Cash flow projections to determine the value in use of Braskem were based on estimated prices of feedstock and petrochemical products reflecting international trends on prices, petrochemical products sales volume estimates reflecting projected Brazilian and global G.D.P. growth, post-tax discount rate (excluding inflation) of 6.2% p.a., (WACC), and decreases in the EBITDA margin during the growth cycle of the petrochemical industry in the next years and increases in the long-term.
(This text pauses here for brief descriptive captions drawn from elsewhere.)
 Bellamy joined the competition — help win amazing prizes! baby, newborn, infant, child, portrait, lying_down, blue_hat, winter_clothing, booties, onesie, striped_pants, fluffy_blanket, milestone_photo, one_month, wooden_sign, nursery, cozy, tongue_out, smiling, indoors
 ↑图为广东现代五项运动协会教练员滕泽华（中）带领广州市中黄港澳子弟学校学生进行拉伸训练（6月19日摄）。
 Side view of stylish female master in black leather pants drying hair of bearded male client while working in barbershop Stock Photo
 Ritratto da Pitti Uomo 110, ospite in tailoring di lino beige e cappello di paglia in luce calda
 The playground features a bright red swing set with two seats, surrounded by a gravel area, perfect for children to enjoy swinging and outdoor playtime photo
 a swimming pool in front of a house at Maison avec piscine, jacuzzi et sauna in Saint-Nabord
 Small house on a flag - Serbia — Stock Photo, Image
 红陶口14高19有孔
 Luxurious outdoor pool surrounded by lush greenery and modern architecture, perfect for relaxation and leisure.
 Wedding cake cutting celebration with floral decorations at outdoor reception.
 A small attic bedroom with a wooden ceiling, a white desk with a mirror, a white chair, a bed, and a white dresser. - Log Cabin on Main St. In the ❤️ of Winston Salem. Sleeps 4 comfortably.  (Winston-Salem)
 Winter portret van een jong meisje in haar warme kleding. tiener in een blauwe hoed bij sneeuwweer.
Estimated exchange rates and Brent prices are the same as those set out in note 25.1.1.

On December 16, 2021, Petrobras' Board of Directors approved the model for the sale of up to 100% of its preferred shares of Braskem, to be conducted through a secondary public offering (follow-on), according to an agreement entered into with Novonor (Braskem's parent company).

On January 17, 2022, Petrobras filed a follow-on request with the CVM. However, on January 28, 2022, the offer was canceled due to unstable market conditions, which resulted in demand and price levels unfavorable for the transaction.

b)Petrobras Distribuidora S.A. (renamed Vibra Energia S.A.)

On August 26, 2020 the Company’s Board of Directors approved the disposal of the remaining interest in this associate and, on June 30, 2021, the Company’s Board of Directors approved the price per common share of BR Distribuidora in the amount of US$ 5.20 (R$ 26.00) for the secondary public offering (follow on) of these shares, totaling US$ 2,252 (R$ 11,264 million), net of transaction costs.

Accordingly, considering the sale of the shares and the cash flows arising from this sale, a US$ 404 impairment reversal was accounted for within results of equity-accounted investments, in the second quarter of 2021. The transaction was closed on July 5, 2021.